*EXERCISE AIM:*
Find "Promicroceras pyritosum pyrite" below and begin at its line; stop after the line with "late night locust". Output those lines exactly, without pictures.

*INFORMATION PROVIDED:*
[Start of Attachment]
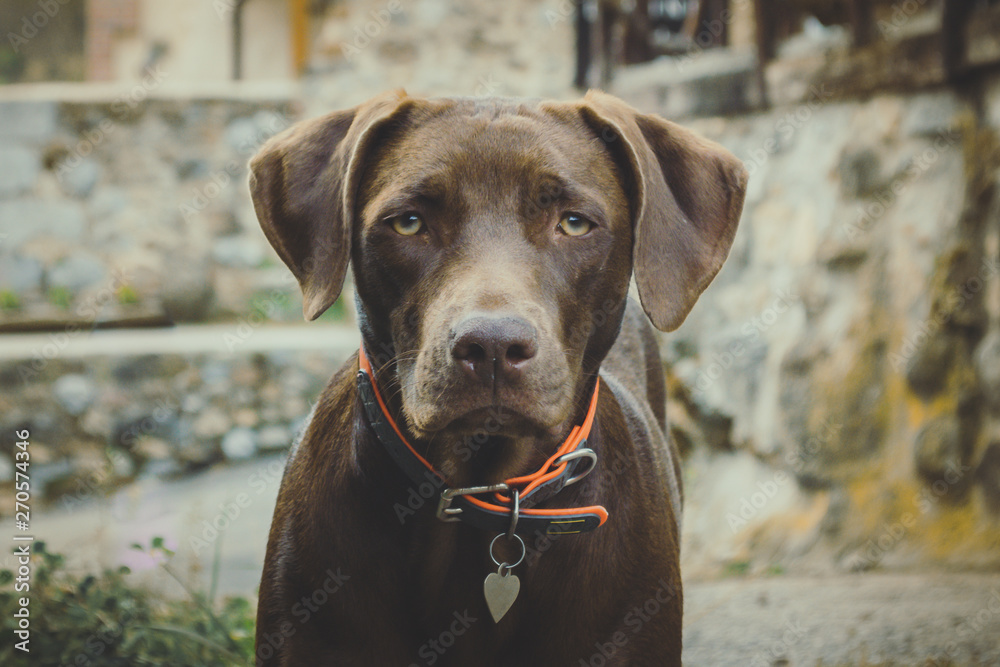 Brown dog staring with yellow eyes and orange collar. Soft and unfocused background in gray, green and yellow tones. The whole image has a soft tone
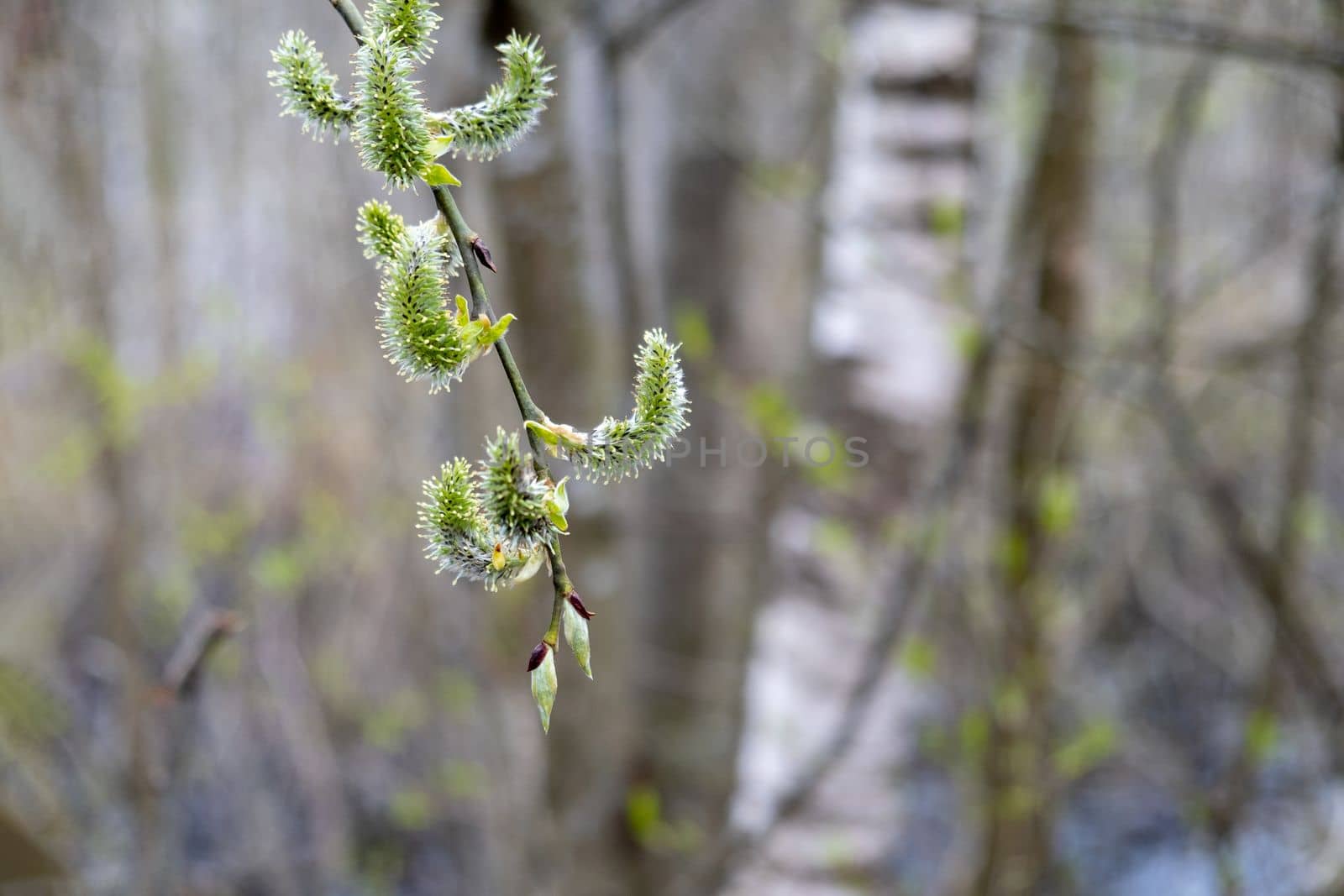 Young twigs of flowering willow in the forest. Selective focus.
[End of Attachment]
[Start of Attachment]
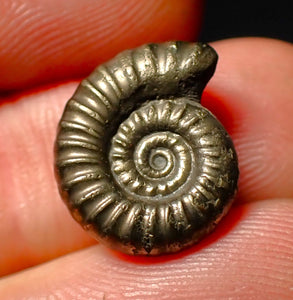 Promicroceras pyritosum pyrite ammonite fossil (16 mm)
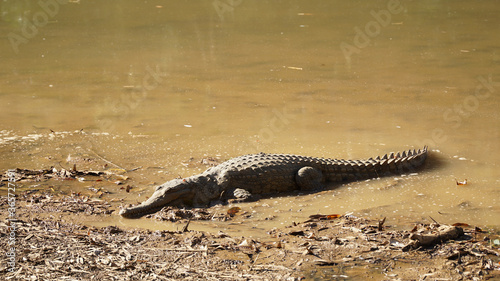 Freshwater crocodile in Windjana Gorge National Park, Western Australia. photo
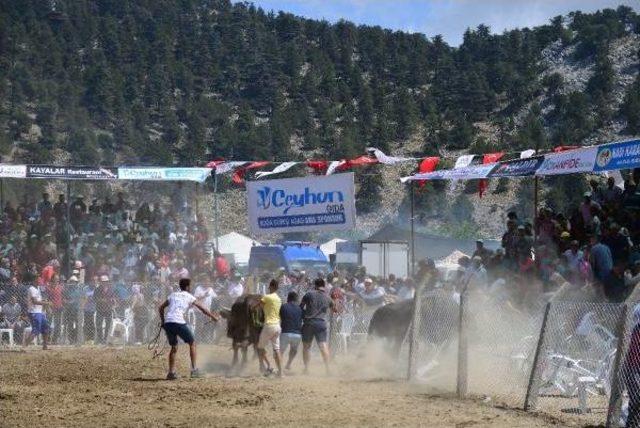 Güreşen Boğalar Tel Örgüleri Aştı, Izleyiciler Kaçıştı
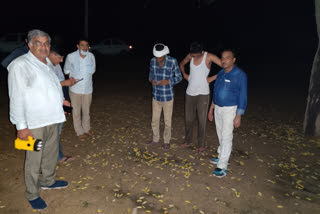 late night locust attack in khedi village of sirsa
[End of Attachment]
*PROBLEM SOLUTION:*
 Promicroceras pyritosum pyrite ammonite fossil (16 mm)
 Freshwater crocodile in Windjana Gorge National Park, Western Australia. photo
 Güreşen Boğalar Tel Örgüleri Aştı, Izleyiciler Kaçıştı
 late night locust attack in khedi village of sirsa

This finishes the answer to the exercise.